Using NVIDIA GPUs with Kubernetes After Dockershim Removal and Switching to Containerd
Kubernetes relies on the Container Runtime Interface (CRI) to communicate with container runitmes. Docker never implemented CRI natively, so Kubernetes historically included a built-in dockershim component to bridge this gap. With dockershim maintenance ending in Kubernetes 1.24+, users are migrating to CRI-compliant runtimes like containerd. While plenty of documentation covers GPU setup with Docker in Kubernetes, resources for containerd-based clusters are less common. This walkthrough focuses on that transition while ensuring Pods can access NVIDIA hardware.
All steps assume a working Kubernetes cluster with containerd already installed, and skip OS-specific prerequisites beyond minimal examples.
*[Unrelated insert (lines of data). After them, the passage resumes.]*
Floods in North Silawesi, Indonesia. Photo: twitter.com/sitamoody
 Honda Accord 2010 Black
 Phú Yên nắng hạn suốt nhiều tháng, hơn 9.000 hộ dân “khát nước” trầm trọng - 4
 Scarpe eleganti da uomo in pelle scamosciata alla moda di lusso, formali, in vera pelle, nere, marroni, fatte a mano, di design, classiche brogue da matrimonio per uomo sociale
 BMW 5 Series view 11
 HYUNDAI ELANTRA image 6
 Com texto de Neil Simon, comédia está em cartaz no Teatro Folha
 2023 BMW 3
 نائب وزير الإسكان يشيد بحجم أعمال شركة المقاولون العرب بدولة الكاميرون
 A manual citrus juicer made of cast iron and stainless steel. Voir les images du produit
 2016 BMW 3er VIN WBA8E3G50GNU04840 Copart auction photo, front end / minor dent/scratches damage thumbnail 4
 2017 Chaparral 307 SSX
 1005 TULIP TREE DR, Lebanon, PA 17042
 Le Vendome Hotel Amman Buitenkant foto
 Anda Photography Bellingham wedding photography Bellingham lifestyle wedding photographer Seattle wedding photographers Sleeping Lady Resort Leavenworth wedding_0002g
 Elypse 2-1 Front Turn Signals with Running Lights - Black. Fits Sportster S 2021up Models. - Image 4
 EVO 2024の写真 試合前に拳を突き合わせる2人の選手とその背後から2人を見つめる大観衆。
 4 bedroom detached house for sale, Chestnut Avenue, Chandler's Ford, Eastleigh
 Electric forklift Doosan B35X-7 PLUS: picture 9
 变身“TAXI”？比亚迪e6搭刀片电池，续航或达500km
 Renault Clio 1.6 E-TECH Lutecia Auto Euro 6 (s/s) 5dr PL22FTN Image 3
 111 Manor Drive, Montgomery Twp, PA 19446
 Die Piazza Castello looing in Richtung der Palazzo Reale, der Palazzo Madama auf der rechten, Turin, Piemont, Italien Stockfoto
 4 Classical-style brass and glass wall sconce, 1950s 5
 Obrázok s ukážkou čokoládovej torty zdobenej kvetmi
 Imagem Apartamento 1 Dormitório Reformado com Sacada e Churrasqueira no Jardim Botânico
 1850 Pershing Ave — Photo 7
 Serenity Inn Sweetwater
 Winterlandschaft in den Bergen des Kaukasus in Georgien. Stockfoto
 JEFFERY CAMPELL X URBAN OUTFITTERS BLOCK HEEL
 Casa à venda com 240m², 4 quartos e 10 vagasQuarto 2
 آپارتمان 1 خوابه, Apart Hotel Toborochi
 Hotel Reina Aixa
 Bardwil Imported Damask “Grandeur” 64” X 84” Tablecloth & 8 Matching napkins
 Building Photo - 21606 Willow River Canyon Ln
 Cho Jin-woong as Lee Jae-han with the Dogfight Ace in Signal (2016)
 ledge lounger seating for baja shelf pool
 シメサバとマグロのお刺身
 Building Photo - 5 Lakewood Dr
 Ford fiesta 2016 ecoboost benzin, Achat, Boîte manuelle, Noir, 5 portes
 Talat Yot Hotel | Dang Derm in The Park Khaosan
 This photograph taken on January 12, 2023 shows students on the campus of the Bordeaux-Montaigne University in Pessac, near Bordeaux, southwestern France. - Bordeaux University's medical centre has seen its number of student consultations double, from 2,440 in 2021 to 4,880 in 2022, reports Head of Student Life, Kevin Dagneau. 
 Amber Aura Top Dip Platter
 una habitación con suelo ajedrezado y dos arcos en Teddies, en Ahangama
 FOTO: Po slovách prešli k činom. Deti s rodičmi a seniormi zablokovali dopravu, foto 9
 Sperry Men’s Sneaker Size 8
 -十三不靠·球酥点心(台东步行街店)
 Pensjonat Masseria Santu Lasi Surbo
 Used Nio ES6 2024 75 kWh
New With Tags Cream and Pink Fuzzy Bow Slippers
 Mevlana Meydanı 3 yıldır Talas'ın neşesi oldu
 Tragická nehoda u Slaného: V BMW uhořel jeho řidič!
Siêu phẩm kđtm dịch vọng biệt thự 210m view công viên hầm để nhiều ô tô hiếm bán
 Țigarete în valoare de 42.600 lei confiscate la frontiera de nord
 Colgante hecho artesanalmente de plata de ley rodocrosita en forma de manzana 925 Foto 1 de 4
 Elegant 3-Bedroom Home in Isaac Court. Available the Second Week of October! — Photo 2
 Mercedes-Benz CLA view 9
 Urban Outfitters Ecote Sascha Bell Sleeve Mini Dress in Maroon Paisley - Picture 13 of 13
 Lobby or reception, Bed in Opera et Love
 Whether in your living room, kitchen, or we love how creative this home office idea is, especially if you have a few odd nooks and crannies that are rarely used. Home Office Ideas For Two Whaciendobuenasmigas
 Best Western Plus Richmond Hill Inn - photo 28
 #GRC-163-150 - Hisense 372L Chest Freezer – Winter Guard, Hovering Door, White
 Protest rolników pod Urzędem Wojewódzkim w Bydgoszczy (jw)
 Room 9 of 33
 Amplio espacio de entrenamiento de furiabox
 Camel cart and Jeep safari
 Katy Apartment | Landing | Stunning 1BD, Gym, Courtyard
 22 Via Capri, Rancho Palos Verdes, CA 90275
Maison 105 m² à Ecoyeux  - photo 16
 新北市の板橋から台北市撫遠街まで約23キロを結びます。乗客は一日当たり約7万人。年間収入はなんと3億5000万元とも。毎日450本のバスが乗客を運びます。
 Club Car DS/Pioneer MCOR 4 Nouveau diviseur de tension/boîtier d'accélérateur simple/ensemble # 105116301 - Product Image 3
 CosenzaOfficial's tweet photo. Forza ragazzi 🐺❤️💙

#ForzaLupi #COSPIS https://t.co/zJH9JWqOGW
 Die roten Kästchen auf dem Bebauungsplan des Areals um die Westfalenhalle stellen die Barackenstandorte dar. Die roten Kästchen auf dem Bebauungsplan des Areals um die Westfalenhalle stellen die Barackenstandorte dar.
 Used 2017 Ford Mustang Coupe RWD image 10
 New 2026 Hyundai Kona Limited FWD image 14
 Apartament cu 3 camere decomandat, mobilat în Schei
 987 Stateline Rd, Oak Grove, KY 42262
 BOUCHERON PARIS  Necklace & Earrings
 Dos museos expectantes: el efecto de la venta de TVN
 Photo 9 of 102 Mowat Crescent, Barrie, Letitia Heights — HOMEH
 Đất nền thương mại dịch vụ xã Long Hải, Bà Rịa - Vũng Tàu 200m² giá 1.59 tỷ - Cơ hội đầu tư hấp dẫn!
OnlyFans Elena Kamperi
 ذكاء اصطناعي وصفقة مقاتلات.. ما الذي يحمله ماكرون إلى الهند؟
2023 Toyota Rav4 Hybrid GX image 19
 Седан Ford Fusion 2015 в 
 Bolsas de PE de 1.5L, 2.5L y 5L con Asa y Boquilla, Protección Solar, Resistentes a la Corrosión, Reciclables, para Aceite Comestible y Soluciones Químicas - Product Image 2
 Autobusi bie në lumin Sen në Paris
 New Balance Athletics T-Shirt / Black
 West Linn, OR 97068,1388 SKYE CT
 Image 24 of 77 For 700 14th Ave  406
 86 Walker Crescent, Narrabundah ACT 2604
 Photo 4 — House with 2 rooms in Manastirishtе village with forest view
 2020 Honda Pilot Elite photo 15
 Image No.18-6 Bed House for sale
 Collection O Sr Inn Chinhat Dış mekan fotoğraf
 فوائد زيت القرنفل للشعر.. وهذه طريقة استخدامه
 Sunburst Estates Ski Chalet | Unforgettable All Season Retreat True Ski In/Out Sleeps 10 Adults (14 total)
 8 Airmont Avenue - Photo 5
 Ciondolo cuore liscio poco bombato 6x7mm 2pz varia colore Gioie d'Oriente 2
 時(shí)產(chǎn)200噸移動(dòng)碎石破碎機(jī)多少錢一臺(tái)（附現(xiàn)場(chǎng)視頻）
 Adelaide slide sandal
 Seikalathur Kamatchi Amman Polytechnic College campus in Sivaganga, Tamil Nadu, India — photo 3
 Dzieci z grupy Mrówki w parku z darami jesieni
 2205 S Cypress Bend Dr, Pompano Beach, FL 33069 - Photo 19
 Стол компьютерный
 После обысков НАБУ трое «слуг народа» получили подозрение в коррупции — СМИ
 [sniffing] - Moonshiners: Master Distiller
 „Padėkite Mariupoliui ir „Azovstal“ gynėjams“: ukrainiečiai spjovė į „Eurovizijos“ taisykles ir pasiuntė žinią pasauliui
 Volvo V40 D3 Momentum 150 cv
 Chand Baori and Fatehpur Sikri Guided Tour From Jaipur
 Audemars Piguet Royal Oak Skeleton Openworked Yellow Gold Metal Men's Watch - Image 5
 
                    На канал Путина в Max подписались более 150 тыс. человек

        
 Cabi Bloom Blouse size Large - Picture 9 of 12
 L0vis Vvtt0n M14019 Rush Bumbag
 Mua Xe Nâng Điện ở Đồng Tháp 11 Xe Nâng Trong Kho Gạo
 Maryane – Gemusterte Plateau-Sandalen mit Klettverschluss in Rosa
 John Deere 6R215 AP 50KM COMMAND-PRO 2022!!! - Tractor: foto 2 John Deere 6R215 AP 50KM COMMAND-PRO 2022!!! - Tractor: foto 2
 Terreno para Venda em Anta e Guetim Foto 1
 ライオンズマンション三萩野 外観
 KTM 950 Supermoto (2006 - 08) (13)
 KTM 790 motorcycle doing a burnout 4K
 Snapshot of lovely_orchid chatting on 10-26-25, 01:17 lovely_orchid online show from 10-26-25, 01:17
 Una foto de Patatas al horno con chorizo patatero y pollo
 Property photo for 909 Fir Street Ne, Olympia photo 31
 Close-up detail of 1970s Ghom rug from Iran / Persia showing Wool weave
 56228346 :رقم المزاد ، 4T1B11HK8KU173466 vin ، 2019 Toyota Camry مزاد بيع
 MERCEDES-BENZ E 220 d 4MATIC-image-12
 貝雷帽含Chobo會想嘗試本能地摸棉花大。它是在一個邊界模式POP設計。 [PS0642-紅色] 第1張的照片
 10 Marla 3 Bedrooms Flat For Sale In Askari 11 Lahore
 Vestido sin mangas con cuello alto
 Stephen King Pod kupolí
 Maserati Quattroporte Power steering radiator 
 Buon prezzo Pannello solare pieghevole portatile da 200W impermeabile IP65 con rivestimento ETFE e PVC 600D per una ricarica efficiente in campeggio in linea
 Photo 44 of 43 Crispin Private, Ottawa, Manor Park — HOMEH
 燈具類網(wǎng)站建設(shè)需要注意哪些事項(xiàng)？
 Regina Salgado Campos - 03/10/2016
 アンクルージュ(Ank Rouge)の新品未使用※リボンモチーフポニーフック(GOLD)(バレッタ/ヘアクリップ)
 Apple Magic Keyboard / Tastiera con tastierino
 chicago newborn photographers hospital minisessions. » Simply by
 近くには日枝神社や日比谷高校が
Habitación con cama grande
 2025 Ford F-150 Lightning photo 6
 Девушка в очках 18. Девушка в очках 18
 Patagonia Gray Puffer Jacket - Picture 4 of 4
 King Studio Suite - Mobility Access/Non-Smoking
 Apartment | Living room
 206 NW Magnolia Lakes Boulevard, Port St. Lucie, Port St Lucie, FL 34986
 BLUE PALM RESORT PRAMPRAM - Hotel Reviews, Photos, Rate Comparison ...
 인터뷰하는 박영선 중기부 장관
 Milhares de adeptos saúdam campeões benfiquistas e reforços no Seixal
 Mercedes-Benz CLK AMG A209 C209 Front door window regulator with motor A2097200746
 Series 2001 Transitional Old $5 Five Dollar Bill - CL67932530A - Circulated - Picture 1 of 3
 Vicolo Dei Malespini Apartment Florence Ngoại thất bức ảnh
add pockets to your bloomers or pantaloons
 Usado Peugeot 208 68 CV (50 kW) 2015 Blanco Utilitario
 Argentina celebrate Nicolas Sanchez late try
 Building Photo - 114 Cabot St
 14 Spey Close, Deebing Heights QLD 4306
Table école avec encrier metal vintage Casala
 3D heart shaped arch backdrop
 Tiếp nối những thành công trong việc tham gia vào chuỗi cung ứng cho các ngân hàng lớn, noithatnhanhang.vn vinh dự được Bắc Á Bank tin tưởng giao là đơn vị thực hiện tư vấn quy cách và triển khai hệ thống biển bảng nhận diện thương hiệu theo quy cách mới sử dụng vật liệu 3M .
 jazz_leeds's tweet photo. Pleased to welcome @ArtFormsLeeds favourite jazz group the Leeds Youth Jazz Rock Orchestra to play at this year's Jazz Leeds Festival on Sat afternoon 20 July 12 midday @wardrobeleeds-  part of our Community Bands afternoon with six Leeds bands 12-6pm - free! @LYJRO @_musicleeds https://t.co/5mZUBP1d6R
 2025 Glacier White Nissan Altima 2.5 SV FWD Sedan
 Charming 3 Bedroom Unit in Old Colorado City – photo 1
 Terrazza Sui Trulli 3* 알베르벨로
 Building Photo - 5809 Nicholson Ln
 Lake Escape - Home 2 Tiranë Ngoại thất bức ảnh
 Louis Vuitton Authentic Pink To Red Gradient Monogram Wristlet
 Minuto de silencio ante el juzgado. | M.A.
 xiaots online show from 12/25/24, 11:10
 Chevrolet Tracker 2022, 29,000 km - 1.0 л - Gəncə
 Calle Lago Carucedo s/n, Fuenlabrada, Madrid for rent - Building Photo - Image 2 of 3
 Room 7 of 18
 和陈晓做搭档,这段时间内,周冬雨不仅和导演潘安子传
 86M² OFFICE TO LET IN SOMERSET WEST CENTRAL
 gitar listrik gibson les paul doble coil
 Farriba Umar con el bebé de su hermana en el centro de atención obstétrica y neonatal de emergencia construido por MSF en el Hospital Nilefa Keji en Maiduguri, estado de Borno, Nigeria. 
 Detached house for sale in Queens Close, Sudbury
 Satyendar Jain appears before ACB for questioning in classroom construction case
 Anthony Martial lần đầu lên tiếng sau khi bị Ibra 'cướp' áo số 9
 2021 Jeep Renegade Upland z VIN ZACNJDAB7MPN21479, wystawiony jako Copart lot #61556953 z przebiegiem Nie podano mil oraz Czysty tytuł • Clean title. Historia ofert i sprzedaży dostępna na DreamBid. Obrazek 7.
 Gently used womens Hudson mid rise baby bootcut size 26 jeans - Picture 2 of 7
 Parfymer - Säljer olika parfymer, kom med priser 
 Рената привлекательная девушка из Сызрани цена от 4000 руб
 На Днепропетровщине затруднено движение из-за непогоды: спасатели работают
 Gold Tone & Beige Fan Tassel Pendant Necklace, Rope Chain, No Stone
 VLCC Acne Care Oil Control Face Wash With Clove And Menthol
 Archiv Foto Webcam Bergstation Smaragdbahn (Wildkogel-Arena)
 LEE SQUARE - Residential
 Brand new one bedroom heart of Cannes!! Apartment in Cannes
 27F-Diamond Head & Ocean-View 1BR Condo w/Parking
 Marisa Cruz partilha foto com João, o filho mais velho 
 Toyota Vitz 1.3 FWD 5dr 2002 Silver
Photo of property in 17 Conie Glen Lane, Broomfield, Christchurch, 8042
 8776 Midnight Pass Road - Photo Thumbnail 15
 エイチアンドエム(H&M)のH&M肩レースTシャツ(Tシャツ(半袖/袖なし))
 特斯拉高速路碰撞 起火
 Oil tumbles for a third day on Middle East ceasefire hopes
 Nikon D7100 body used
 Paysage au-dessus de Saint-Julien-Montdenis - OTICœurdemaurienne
The core goal remains the same regardless of runtime: make host GPUs visible and usible inside containers.
Step 1: Install NVIDIA Host Drivers
NVIDIA kernel drivers are required on every GPU-enabled worker node. The official .run installer works across most Linux distributions and simplifies cleanup, though it requires compilation tools and kernel headers matching the running kernel.
For Debian/Ubuntu-based systems:
# Install required build dependencies
apt update && apt install -y gcc make linux-headers-$(uname -r)
# Download driver script (adjust version based on GPU model)
wget https://us.download.nvidia.com/tesla/470.239.06/NVIDIA-Linux-x86_64-470.239.06.run
# Make executable and run in silent mode
chmod +x NVIDIA-Linux-x86_64-470.239.06.run
./NVIDIA-Linux-x86_64-470.239.06.run --silent
# Verify installation
nvidia-smi
A successful verification shows GPU details, driver version, and no errors.
Step 2: Set Up NVIDIA Container Toolkit
nvidia-container-runtime (now part of NVIDIA Container Toolkit) modifies OCI runtimes to inject GPU devices, CUDA libraries, and environment variables into containers when requested.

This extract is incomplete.